Please copy exactly the line containing "SHITET APARTAMENT 2+1" and every line after it, through the last line of the records below, leaving out all pictures.

━━━━━ DATA SECTION ━━━━━

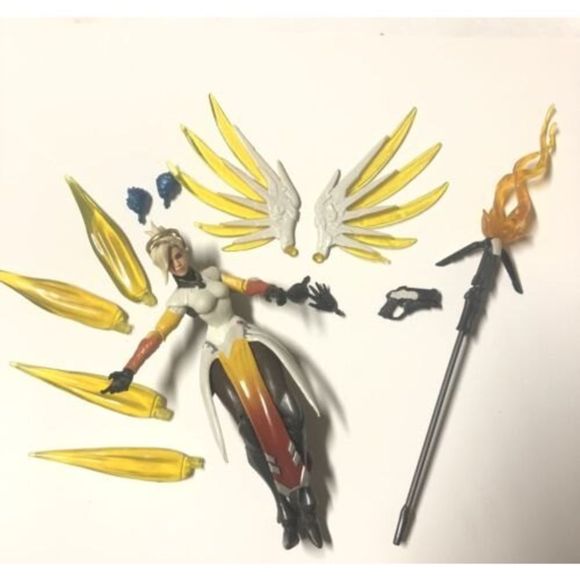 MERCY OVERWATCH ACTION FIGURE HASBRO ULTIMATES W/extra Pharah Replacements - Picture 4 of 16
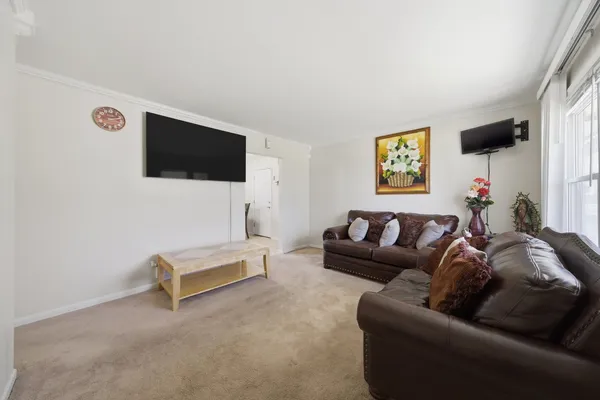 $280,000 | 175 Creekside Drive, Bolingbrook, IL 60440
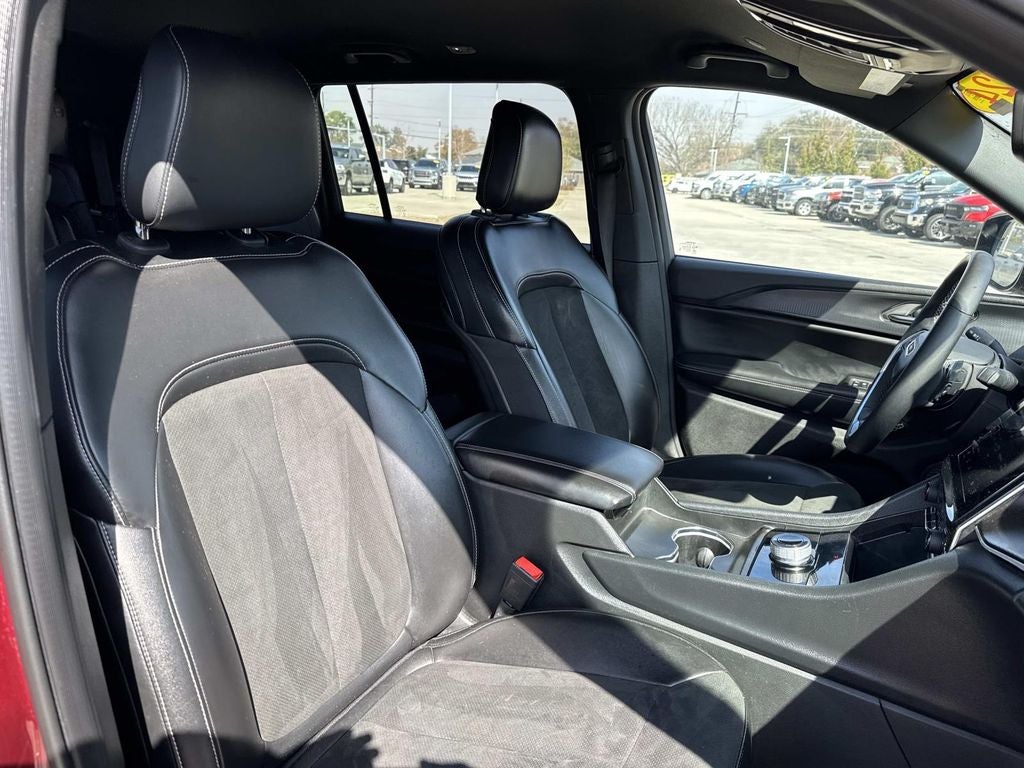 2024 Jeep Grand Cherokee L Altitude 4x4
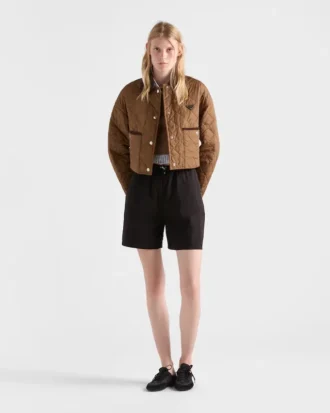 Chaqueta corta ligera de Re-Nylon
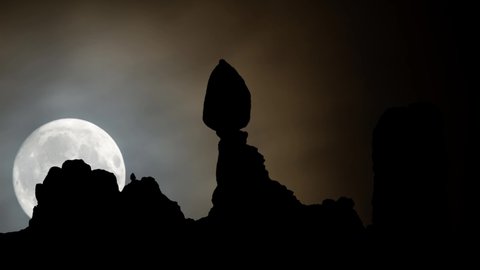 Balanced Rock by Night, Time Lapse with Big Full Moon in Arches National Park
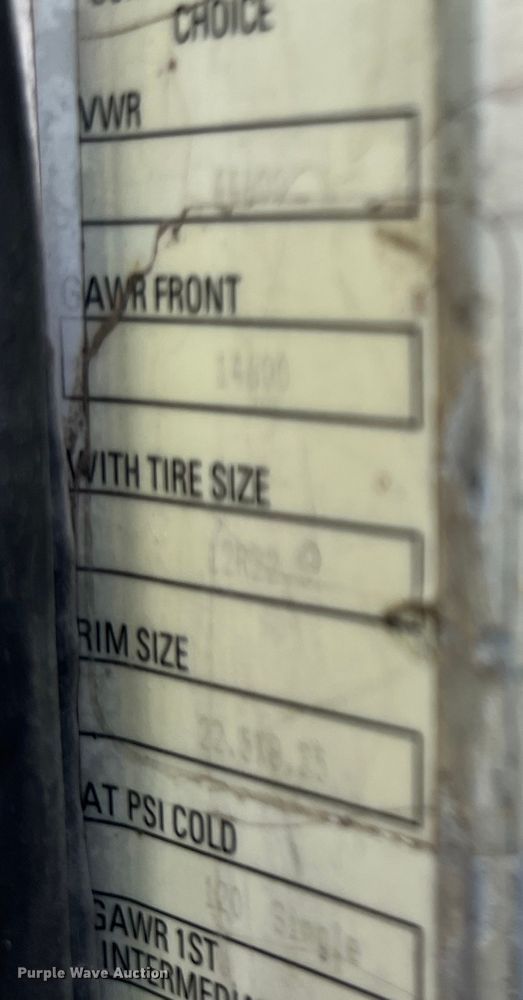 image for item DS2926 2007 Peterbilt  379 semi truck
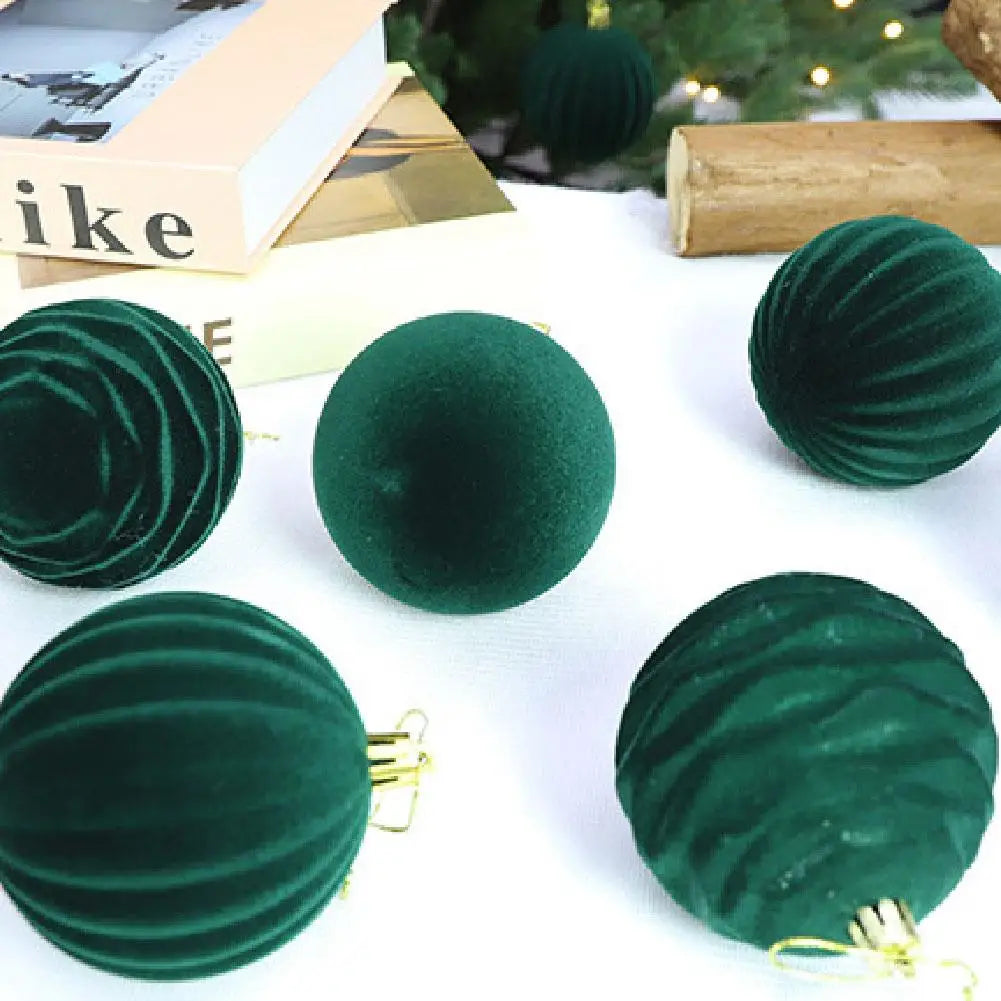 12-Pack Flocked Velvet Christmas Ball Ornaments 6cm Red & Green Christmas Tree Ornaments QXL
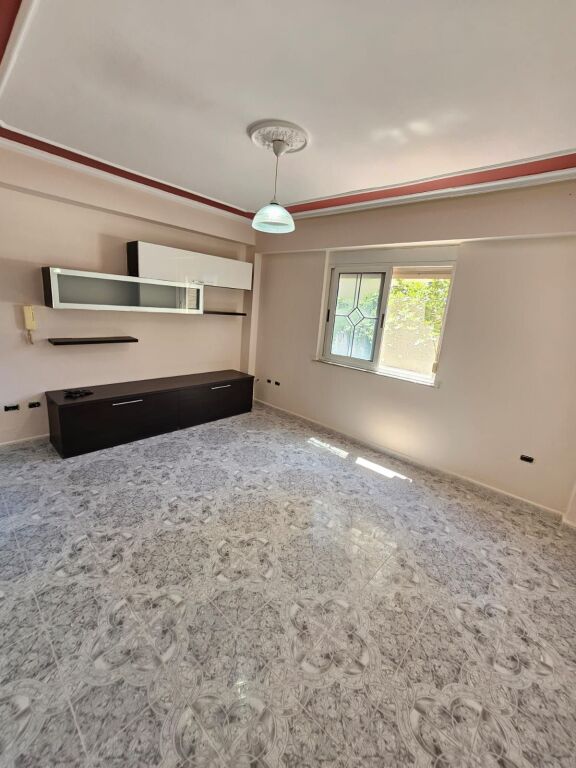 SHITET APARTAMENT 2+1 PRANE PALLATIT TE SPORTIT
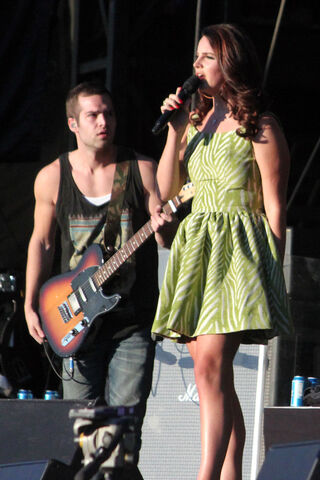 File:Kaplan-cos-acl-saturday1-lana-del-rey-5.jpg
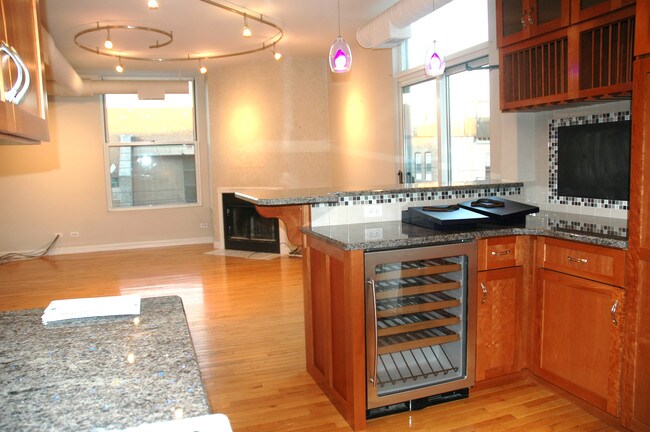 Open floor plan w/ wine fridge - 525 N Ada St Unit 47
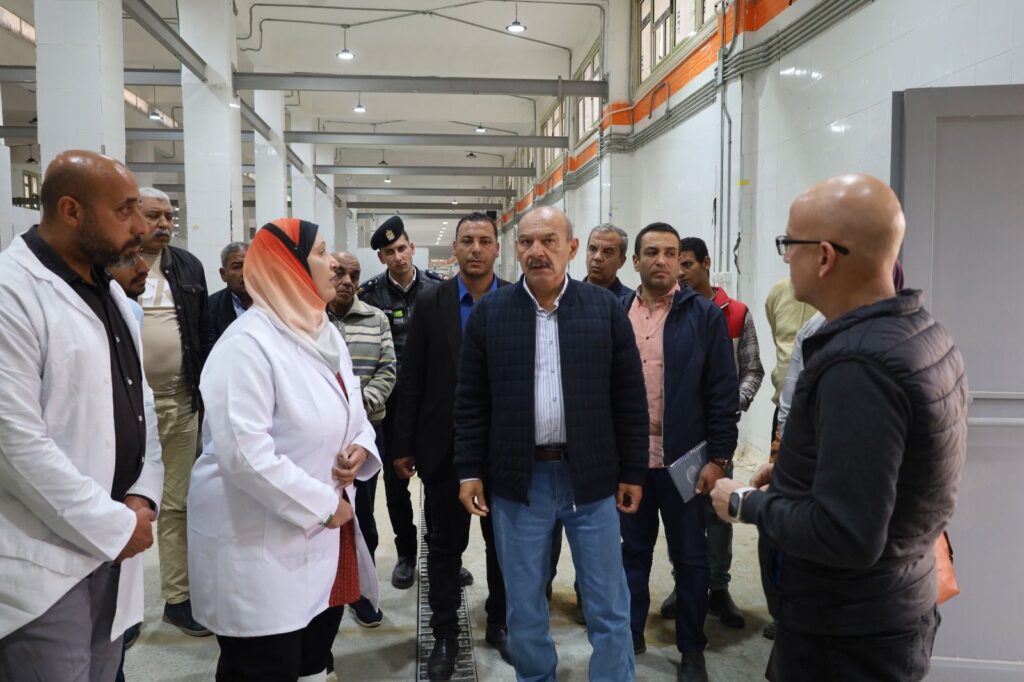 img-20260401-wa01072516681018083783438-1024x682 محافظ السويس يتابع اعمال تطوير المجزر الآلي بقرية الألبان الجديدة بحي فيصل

━━━━━

WRITTEN REPLY
 SHITET APARTAMENT 2+1 PRANE PALLATIT TE SPORTIT
 File:Kaplan-cos-acl-saturday1-lana-del-rey-5.jpg
 Open floor plan w/ wine fridge - 525 N Ada St Unit 47
 img-20260401-wa01072516681018083783438-1024x682 محافظ السويس يتابع اعمال تطوير المجزر الآلي بقرية الألبان الجديدة بحي فيصل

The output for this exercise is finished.